Applique de mobilier : satyre portant une outre de vin

Égypte > provenance inconnue

IVe – Ve siècle ap. J.-C.

[VOIR CHRONOLOGIE]

H. 7 cm ; l. 2,93 cm ; ÉP. max 0,64 cm

Os épais de bœuf

Co. 2249

Commentaire

Etat de conservation

Hormis un éclat au milieu du bord senestre, l’applique est complète. La face externe est cependant marquée par une très forte usure qui a beaucoup émoussé le relief. Au dos, des sédiments subsistent dans la structure du tissu osseux spongieux et dans l’échancrure produite par l’éclat. Quelques petites taches ocre orangé s’observent sur la face principale, au revers et sur les bords de la pièce. En lumière rasante apparaissent aussi un certain nombre de griffures sur le torse et les jambes du satyre.

Description

Le jeune homme, que l’on peut identifier à un satyre askophoros, rappelle par sa position les personnages des appliques Co. 2078 et Co. 2187 du musée Rodin. La figure nue, au corps svelte, effectue un pas de danse vers la droite tout en tournoyant sur elle-même.

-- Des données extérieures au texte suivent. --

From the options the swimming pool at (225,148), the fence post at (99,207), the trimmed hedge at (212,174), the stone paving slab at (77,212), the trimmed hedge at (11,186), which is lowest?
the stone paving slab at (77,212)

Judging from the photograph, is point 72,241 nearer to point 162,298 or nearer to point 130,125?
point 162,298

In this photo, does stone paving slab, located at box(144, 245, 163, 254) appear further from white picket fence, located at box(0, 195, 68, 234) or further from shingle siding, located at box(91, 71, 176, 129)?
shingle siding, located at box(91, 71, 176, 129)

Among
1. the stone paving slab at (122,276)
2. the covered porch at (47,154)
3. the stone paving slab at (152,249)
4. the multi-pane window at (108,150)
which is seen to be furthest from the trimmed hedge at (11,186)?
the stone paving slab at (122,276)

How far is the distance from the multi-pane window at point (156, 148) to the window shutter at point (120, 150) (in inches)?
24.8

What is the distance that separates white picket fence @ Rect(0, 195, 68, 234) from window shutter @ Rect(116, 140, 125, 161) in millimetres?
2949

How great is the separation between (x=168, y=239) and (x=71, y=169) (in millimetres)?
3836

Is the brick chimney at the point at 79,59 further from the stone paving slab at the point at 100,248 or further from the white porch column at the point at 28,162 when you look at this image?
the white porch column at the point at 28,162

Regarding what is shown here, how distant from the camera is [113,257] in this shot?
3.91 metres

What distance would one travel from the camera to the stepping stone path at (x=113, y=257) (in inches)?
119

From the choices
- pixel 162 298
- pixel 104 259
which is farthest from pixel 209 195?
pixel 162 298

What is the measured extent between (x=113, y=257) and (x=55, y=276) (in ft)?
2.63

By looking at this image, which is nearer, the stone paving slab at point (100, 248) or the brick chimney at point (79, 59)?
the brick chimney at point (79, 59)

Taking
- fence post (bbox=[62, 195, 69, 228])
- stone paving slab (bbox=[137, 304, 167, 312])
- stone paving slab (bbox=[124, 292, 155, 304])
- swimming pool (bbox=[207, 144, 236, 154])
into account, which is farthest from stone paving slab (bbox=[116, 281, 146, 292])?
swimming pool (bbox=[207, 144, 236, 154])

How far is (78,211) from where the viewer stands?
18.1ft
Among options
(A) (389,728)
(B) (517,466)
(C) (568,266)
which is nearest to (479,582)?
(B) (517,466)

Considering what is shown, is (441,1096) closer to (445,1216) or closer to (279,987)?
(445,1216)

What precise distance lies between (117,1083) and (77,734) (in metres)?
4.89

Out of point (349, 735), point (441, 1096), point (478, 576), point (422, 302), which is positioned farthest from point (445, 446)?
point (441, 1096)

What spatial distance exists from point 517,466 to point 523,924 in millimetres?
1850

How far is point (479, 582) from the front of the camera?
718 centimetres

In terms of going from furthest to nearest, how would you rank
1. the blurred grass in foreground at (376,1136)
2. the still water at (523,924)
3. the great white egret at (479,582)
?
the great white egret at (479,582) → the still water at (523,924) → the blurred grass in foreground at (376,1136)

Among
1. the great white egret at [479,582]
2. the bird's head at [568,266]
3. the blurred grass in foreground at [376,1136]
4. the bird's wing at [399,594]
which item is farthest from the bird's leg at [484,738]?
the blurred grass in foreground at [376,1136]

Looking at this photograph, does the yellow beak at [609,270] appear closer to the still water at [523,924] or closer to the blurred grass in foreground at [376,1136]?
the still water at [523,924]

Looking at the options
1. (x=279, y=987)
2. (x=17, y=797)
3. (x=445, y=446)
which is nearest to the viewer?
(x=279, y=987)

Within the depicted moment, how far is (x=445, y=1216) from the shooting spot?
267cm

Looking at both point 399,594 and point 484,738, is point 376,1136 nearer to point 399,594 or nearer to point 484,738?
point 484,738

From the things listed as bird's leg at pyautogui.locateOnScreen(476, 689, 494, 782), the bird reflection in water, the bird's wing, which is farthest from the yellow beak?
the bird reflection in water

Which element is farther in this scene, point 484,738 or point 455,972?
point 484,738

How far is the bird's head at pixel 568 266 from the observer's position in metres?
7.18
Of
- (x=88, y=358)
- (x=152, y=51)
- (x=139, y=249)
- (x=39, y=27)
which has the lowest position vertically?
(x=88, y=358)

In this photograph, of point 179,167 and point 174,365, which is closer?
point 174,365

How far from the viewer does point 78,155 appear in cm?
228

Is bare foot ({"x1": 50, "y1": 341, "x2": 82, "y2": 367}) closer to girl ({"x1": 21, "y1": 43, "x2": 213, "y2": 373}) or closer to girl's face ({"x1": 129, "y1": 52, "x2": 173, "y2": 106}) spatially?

La tête orientée vers la gauche, jointe au buste vu de trois-quarts, annonce en effet un changement de direction. L’outre qui repose sur l’épaule droite du satyre est maintenue par sa main masquée par un pan de nébride.

 

Par son dessin trapézoïdal, la pièce renvoie aux reliefs Co. 2060 ou Co. 2114, mais elle s’en démarque par une excessive étroitesse. Ce format a contraint l’artisan à ne pas sculpter les bras en entier. C’est ainsi que le bras gauche s’interrompt au-dessus du poignet. La silhouette très étirée est dotée d’un long buste, surmontant des jambes fuselées, qui contribuent à accentuer son aspect longiligne et renforcent le dynamisme qui l’anime. Toutefois, des épaules larges contrebalancent cette minceur du bas du corps, dotant ce compagnon de Dionysos d’une certaine carrure. Un visage fin incliné, à la chevelure courte et sans doute légèrement bouclée, finit de donner l’impression d’une figure gracile et légère. En raison de la forte usure de la surface de l’os, les détails anatomiques du visage ne sont presque plus discernables. Seuls les deux yeux en faible relief, les mèches de cheveux et la nuque raide sont encore bien lisibles. De même, des incisions très estompées indiquent encore les pectoraux ou le nombril. Quelques maladresses sont à souligner : la jambe droite se raccorde maladroitement à la cuisse, étant rejetée fortement en arrière, tandis que les pieds presque inexistants semblent se fondre dans la matière osseuse.

 

Si sur le plan iconographique le satyre porteur d’outre rappelle plusieurs reliefs de petite taille du musée Benaki (inv. 18781, 18783, 18786-18787 : Loverdou-Tsigarida 2000, n° 146-147, 150-151 p. 271-272, Pl. 44-45), et une pièce du Kelsey Museum à Ann Arbor (inv. 1962.01.0024 : Loverdou-Tsigarida 2000, n° 148 p. 272, Pl. 45), son style, difficile à apprécier, semble s’en éloigner. Le corps aux lignes sinueuses affiche une souplesse absente des éléments de placage précités. De même, le sens du mouvement qui transparaît dans le pas allègre de la figure est plus prononcé, et l’anatomie observée avec davantage de justesse. L’applique ne trouve pas véritablement d’équivalence sur le plan strictement stylistique.

 

Bien que son état ne permette pas réellement de juger de sa véritable valeur plastique, sa proximité iconographique avec d’autres plaquettes de même format datées par A. Loverdou-Tsigarida du Ve siècle, autorise à proposer une date de création au cours du IVe-Ve siècle.

 

Marquage

120 marqué à l'encre violette au milieu de la face interne ; petite étiquette octogonale blanche à liseré bleu sans numéro collée en partie supérieure, au dos de la pièce.

 

Comparaisons :

-Ann Arbor, Kelsey Museum, inv. 1962.01.0024 (type iconographique).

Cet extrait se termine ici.